*ASSIGNED TASK*
The answer must be every line of the records below that contains the word "Chain".

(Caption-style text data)
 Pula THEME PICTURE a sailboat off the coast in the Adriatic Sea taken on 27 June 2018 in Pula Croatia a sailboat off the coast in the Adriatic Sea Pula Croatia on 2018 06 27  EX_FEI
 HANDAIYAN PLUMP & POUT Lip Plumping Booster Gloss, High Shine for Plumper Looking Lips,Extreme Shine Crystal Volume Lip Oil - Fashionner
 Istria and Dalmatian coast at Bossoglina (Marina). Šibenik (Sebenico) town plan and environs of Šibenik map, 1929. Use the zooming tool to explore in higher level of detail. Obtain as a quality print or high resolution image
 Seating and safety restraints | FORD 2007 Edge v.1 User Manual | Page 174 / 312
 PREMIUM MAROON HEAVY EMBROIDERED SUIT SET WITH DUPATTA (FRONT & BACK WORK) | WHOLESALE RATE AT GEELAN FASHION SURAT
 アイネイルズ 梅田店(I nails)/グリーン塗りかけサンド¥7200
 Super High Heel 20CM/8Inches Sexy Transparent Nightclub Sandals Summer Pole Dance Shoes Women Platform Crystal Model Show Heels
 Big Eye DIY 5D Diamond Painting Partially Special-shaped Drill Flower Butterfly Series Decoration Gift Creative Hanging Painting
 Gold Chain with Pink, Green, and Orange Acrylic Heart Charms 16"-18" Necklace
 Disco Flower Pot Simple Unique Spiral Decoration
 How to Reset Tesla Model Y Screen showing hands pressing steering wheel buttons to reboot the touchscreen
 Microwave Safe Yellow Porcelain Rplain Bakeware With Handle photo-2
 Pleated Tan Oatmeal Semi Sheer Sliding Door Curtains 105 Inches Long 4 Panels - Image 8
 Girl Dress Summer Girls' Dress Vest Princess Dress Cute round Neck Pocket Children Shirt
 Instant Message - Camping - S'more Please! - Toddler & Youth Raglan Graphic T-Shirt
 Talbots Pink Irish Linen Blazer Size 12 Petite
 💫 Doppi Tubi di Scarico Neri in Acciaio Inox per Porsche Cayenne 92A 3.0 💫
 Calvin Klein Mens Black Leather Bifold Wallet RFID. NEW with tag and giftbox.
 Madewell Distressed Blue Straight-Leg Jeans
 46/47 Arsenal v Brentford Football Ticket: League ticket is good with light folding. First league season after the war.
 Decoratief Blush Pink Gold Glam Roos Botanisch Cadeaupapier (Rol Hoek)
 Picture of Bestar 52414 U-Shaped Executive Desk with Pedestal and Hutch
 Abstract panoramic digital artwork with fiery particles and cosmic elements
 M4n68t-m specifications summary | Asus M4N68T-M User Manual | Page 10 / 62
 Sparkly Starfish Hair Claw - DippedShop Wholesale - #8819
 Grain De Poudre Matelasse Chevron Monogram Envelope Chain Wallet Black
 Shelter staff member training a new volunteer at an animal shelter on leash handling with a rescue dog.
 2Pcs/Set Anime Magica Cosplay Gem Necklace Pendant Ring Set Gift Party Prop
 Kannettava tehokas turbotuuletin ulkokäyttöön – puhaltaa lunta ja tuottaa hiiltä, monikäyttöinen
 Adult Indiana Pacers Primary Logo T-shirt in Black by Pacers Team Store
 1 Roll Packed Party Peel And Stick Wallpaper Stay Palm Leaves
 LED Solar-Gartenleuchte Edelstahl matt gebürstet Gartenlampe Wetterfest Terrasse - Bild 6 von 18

*FINISHED TASK*
 Gold Chain with Pink, Green, and Orange Acrylic Heart Charms 16"-18" Necklace
 Grain De Poudre Matelasse Chevron Monogram Envelope Chain Wallet Black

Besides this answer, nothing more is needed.